* _RECORDS FOR THIS TASK_
══════════

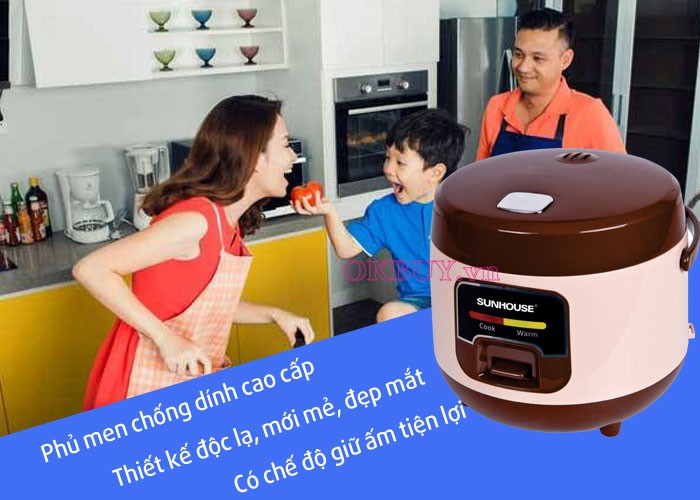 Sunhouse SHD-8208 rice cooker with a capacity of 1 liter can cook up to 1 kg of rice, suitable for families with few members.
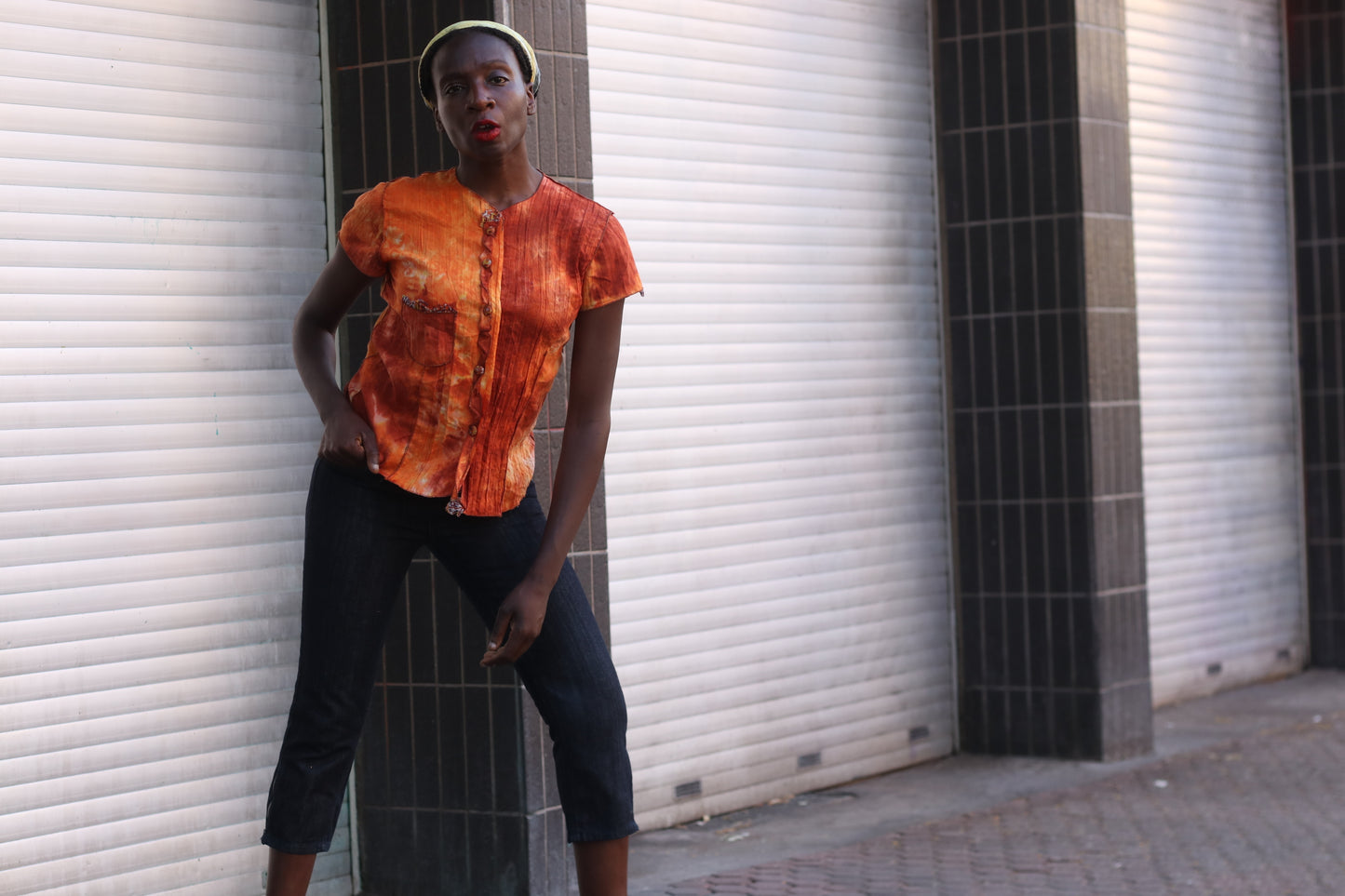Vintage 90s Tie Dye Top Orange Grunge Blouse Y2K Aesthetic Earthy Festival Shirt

══════════

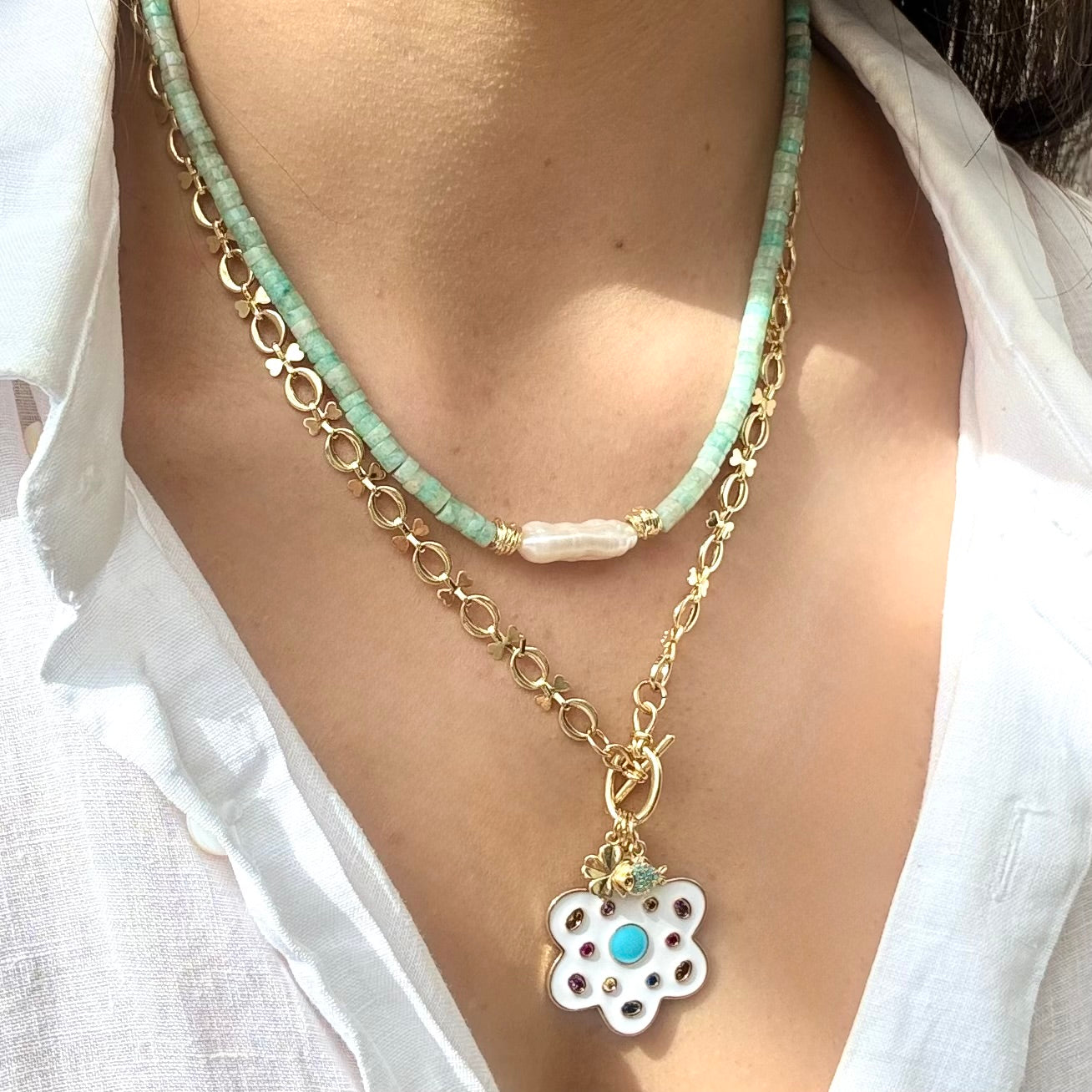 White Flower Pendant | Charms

══════════

* _THE TASK_
Copy only the lines above from the one containing "Sunhouse SHD-8208 rice" through the one containing "Vintage 90s Tie", both included. Leave out the pictures.

* _ANSWER SECTION_
 Sunhouse SHD-8208 rice cooker with a capacity of 1 liter can cook up to 1 kg of rice, suitable for families with few members.
Vintage 90s Tie Dye Top Orange Grunge Blouse Y2K Aesthetic Earthy Festival Shirt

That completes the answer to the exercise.